You can forget all your troubles, forget all your cares"

Achei o que estava procurando no bolso e caminhei em direção a entrada lateral da casa. O letreiro no alto informava agora HELL HERE.

Em frente a porta que dava acesso apenas às pessoas autorizadas haviam mais dois seguranças. Eles abriram passagem me cumprimentando com a cabeça e em silêncio. Retribui o aceno e abri a porta. Ela dava acesso a um corredor escuro. O som abafado da música que estava rolando dentro do bar chegou até ali. Fechei a porta atrás de mim e encostei nela. Fechei os olhos e respirei fundo. Eu estava tonto. Como se tivesse bebido um litro de bebida alcoólica de uma vez com o estômago vazio. Tirei o chapéu da cabeça e fiquei com ele preso entre os dedos e uma caixinha que eu tinha tirado do bolso da calça.

Tentei andar, mas a sensação de embriaguez tomou conta do meu corpo me atirando contra a parede. Usei minha mão direita para me apoiar. Eu via várias mãos e vários corredores dançando diante dos meus olhos.

O local era escuro, as paredes de cor preta eram iluminadas por alguns pontos de luz que iluminavam molduras douradas e fotografias em preto e branco de lendas do rock.

Não era a primeira vez que eu vinha naquele lugar. Portanto, pelo menos eu sabia onde eu estava e o fato do segurança da calçada sempre perguntar quem eu era me irritava, pois ele sabia que eu já havia ido ao Hello There algumas vezes.

"So go Downtown

Where all the lights are bright, Downtown

Waiting for you tonight, Downtown

You're gonna be all right now, Downtown

Downtown

Downtown"

Cambaleei e me escorei nas paredes até chegar a primeira porta do lado esquerdo do corredor. Havia apenas uma estrela dourada de cinco pontas  suja e quase apagada indicando que a saleta era usada como uma espécie de camarim.

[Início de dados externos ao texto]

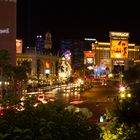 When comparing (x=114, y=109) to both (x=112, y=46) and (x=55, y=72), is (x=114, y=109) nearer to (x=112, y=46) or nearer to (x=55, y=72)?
(x=112, y=46)

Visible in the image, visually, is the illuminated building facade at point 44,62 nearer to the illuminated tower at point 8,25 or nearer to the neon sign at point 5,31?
the illuminated tower at point 8,25

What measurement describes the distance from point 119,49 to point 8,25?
97.6 feet

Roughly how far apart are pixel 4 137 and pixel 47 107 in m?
1.19

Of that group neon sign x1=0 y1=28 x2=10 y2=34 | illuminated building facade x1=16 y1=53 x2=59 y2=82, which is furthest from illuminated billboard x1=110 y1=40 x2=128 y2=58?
illuminated building facade x1=16 y1=53 x2=59 y2=82

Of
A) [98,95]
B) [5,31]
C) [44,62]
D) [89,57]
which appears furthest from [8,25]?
[89,57]

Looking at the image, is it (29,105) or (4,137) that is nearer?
(4,137)

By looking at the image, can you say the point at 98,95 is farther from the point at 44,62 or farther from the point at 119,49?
the point at 44,62

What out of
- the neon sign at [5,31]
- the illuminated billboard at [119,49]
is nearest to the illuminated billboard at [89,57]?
the illuminated billboard at [119,49]

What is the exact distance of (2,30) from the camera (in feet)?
312

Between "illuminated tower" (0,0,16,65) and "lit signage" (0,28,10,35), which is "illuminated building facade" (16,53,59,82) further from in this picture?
"lit signage" (0,28,10,35)

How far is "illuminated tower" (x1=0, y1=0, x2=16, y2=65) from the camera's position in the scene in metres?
94.5

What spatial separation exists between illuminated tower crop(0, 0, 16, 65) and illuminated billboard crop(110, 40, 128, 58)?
2472 cm

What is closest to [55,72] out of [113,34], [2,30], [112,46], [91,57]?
[91,57]

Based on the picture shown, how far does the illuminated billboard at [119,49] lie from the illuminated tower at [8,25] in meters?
24.7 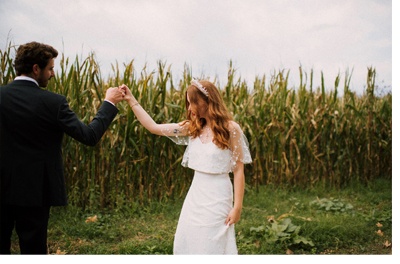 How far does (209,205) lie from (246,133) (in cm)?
264

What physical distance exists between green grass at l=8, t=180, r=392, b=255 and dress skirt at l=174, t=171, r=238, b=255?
40.0 inches

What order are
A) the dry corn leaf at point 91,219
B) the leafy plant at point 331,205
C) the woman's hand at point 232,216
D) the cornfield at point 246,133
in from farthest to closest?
the leafy plant at point 331,205 → the cornfield at point 246,133 → the dry corn leaf at point 91,219 → the woman's hand at point 232,216

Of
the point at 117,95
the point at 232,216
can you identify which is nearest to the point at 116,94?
the point at 117,95

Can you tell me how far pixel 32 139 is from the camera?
2.00 meters

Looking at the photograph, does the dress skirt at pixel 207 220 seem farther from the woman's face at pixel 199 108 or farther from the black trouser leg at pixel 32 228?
the black trouser leg at pixel 32 228

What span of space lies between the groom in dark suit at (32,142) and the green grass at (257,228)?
121 centimetres

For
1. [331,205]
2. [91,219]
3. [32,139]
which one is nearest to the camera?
[32,139]

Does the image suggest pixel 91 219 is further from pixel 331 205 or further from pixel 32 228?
pixel 331 205

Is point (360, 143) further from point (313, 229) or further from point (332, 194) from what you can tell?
point (313, 229)

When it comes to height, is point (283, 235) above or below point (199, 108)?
below

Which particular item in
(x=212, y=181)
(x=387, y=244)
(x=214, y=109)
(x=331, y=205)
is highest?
(x=214, y=109)

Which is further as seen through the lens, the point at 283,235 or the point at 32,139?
the point at 283,235

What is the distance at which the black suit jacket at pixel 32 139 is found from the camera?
1979 millimetres

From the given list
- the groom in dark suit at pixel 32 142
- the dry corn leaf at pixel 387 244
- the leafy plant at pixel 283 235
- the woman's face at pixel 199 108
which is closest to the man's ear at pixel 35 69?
the groom in dark suit at pixel 32 142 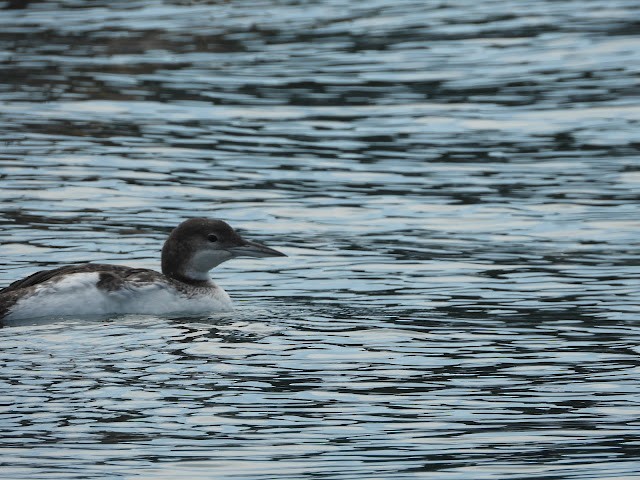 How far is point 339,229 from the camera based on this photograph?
49.4 feet

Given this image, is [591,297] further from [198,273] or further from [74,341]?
[74,341]

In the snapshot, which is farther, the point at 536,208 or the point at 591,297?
the point at 536,208

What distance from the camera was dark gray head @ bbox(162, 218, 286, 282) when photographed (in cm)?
1241

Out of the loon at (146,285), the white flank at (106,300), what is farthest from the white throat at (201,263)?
the white flank at (106,300)

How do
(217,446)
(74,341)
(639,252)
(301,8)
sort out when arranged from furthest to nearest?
(301,8) → (639,252) → (74,341) → (217,446)

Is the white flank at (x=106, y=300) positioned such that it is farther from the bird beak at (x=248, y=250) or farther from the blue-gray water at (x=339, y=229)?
the bird beak at (x=248, y=250)

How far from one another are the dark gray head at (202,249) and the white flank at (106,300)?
358 millimetres

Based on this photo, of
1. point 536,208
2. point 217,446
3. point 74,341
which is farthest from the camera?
point 536,208

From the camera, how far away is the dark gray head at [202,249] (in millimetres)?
12414

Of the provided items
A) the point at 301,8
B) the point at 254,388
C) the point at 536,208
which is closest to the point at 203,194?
the point at 536,208

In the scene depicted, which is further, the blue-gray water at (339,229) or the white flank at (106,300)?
the white flank at (106,300)

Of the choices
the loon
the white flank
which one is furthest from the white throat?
the white flank

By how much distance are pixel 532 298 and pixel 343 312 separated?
1514 millimetres

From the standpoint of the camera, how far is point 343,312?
11.9 m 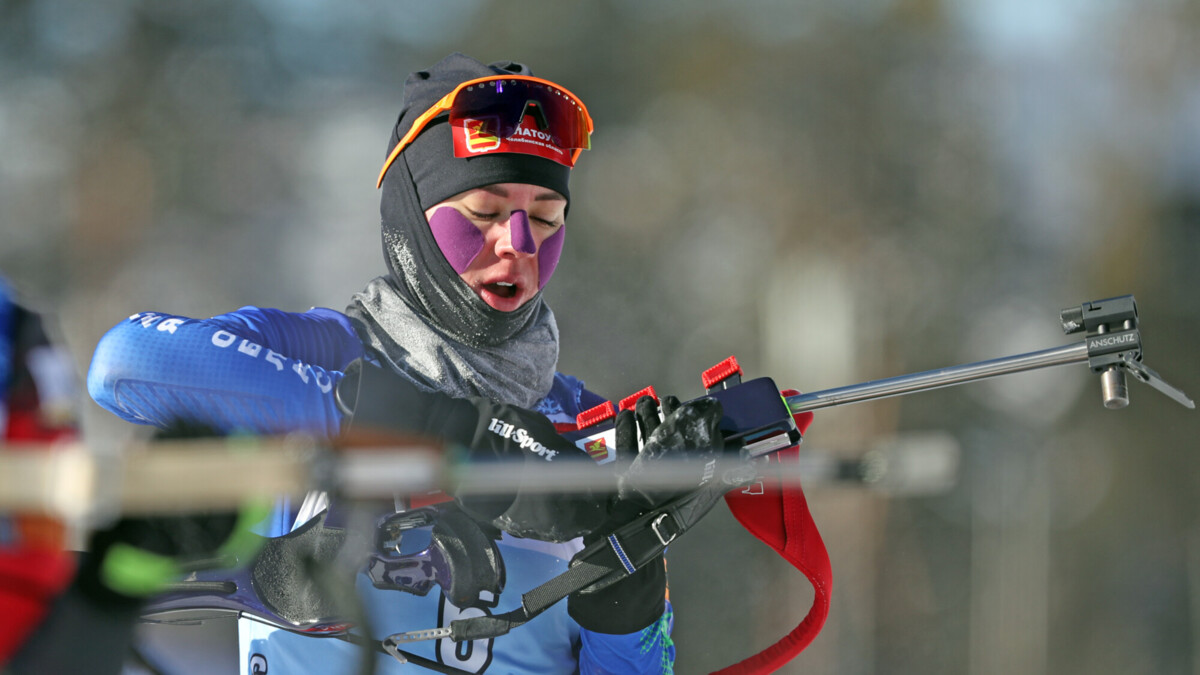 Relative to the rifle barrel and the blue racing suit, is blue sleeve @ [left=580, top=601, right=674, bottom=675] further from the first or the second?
the rifle barrel

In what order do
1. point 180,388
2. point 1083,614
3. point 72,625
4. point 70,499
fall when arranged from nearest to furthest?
point 70,499 < point 72,625 < point 180,388 < point 1083,614

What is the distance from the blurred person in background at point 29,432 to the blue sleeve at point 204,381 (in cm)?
36

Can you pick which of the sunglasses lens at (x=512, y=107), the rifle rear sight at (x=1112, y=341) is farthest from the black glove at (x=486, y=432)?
the rifle rear sight at (x=1112, y=341)

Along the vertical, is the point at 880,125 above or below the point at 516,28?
below

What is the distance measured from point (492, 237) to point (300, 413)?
46cm

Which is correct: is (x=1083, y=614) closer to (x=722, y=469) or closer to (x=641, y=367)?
(x=641, y=367)

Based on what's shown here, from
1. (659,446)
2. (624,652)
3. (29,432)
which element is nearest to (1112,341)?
(659,446)

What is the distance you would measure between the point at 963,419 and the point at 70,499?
6.41 m

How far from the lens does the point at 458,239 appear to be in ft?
5.30

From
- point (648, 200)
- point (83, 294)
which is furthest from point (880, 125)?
point (83, 294)

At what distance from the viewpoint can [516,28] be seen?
735 cm

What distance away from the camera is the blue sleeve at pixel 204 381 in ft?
4.16

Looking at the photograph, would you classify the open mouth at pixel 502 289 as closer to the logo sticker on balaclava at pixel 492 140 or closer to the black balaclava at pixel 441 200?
the black balaclava at pixel 441 200

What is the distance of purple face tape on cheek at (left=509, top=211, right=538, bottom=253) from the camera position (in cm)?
160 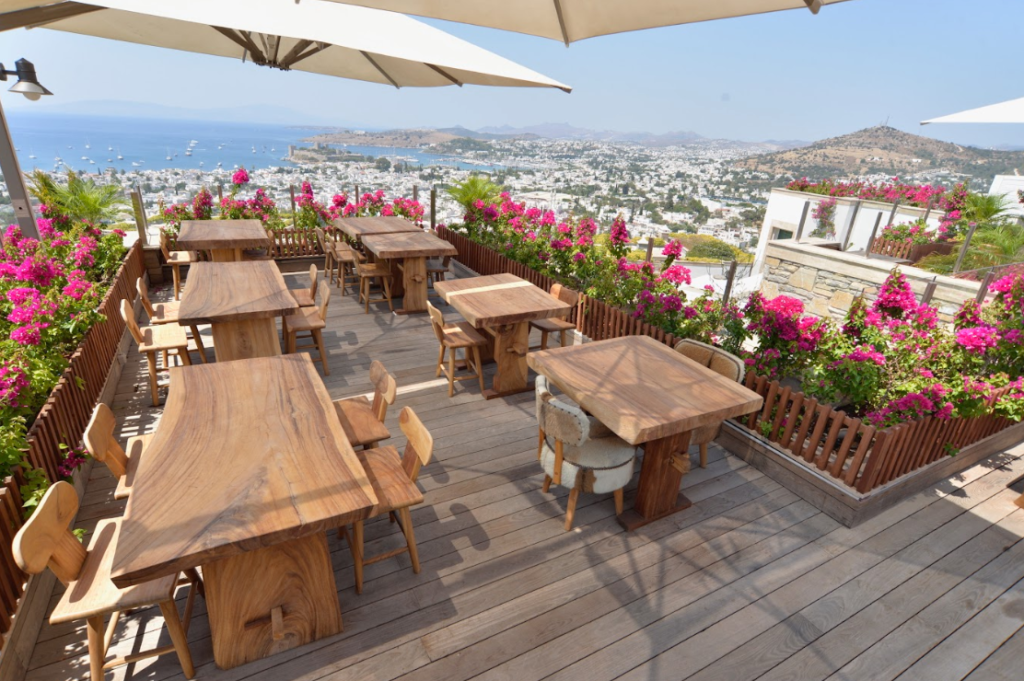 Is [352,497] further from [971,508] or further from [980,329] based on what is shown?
[980,329]

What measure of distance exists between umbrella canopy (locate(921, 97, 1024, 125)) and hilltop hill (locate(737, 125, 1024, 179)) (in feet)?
74.3

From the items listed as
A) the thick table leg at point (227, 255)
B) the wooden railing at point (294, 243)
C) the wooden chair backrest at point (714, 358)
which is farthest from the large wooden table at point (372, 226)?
the wooden chair backrest at point (714, 358)

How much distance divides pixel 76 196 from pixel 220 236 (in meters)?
2.99

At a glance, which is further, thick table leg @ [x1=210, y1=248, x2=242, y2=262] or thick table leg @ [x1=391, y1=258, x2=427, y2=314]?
thick table leg @ [x1=210, y1=248, x2=242, y2=262]

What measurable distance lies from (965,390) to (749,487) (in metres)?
1.72

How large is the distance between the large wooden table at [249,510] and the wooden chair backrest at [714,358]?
2833 millimetres

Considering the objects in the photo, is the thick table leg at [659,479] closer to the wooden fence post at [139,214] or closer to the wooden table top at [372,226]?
the wooden table top at [372,226]

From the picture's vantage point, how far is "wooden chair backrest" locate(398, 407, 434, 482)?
8.14 feet

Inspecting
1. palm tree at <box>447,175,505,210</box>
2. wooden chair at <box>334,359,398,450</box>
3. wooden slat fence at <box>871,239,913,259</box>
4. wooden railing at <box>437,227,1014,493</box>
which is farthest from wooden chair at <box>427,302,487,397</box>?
wooden slat fence at <box>871,239,913,259</box>

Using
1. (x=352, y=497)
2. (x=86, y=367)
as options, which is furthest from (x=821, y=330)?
(x=86, y=367)

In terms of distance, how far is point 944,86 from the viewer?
151m

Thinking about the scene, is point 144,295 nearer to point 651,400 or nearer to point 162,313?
point 162,313

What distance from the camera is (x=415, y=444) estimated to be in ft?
8.55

Assim que entrei me deparei com Rael parado. Estava de costas para a porta com o celular na mão.

— Fábio! – Ele disse surpreso quando entrei quase caindo.

— Água. — Pedi.

— Estou tentando falar contigo há um tempão, meu. O pessoal já está passando o som lá em cima. Todos desesperados achando que você ia furar.

Olhei pra ele e disse:

— Sem bateria. Água.

Olhei para o meu lado direito, junto a parede uma mesa oferecia uma baguete de frios, um prato de salgados sortidos, um prato com pedaços de melancia, outro com alfajores, copos e pratos de plástico transparente, garrafas de refrigerante, uma garrafa de vodka e uma de whisky. Tinha tudo, menos água.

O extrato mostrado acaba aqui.